Yeah, we are thinking of ya.


----------



## David S (Aug 26, 2017)

I hope all our colleagues down there will be safe.  I can't imagine 3 feet of rain.

David


----------



## brav65 (Aug 26, 2017)

I just spoke to a buddy in Houston and he said it was not too bad, just lots of rain.


----------



## randyjaco (Aug 26, 2017)

I'm Southeast of Houston. Not too bad so far. Lots of rain, but not much wind yet. We have rain forecast through Thursday. Lots of tornadoes in the area. Got the generator hooked up and ready to go if we lose power. I've done about everything I can do, so now it's just hunker down and see what comes.
I spent most of today just playing in the shop. I hope I can continue doing just that 

Randy


----------



## kvt (Aug 26, 2017)

Just got off the phone with 4gsr,   His place was almost in the direct path of it.   They were pretty much forced out, and are up out of harms way at this time.    No internet, but has spotty cell service but cannot get into HM.   He and his family are ok,  just do not know what his place looks like and will prob not be able to get back there until sometime next week.


----------



## Grumpy Gator (Aug 26, 2017)

_Thanks for the updates...**G**_


----------



## 4GSR (Aug 26, 2017)

We have some phone service, so I'll update as I'm able. Won't be able to post pictures until service  is better. 
Pretty much the area I live in is devastated beyond belief. My son showed me a picture of the entrance of our subdivision. All the power lines are laid over. Our General Dollar store looked in tack. I highly doubt I'll get to check out our place until later this week. 
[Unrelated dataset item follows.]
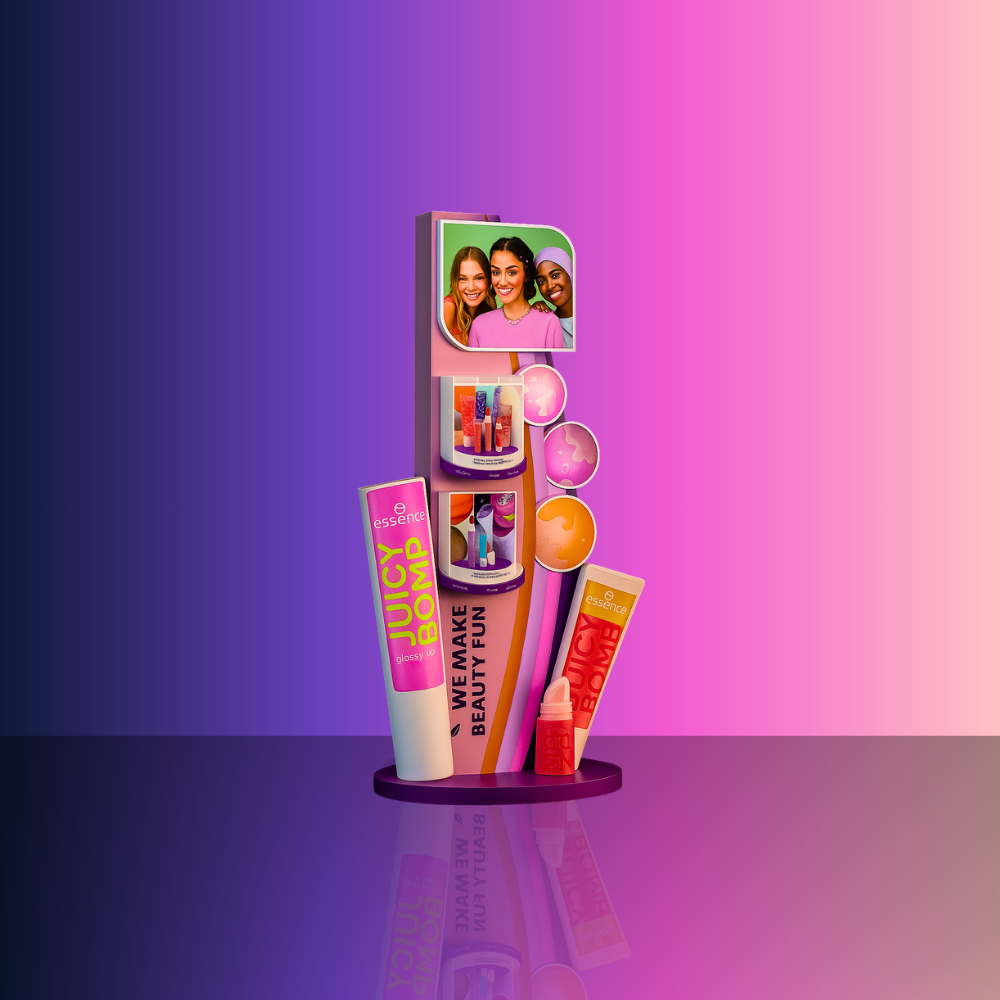 Display of colorful Essence beauty products, including lip gloss and balm, with a photo of three smiling women on top, set against a pink and purple gradient background.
Sent from my SAMSUNG-SM-G920A using Tapatalk


----------



## 4GSR (Aug 26, 2017)

Forgot to mention,  we are staying with family over in Cuero. About 45 miles from home.  The eye or what's left of it has been hoovering over us most of the day.  Oh, thanks to KVT for the earlier report.

Sent from my SAMSUNG-SM-G920A using Tapatalk


----------



## Ulma Doctor (Aug 26, 2017)

glad you got out and are safe Ken


----------



## markba633csi (Aug 27, 2017)

Glad you are OK Ken, hope your stuff is too
Mark


----------



## dlane (Aug 27, 2017)

Me too, be safe Ken.


----------



## savarin (Aug 27, 2017)

Glad you are all safe, these things are damn scary when your stuck in them.


----------



## core-oil (Aug 27, 2017)

Thinking about you guys, Look after your loved ones, & pets  Hope you can oil up your machine's and tools  & the storm doe's not harm anyone's buildings too much


----------



## 4GSR (Aug 27, 2017)

A little update here.
The entire city of Victoria looks like a war zone right now.  Very few places have any power.  They are not letting anyone in or out.  We still don't know the extent of damage at our place west of Victoria.  This is what we are finding out from friends and family that rode out the storm in town.  Keep us in your prayers, Ken


----------



## Rootpass (Aug 27, 2017)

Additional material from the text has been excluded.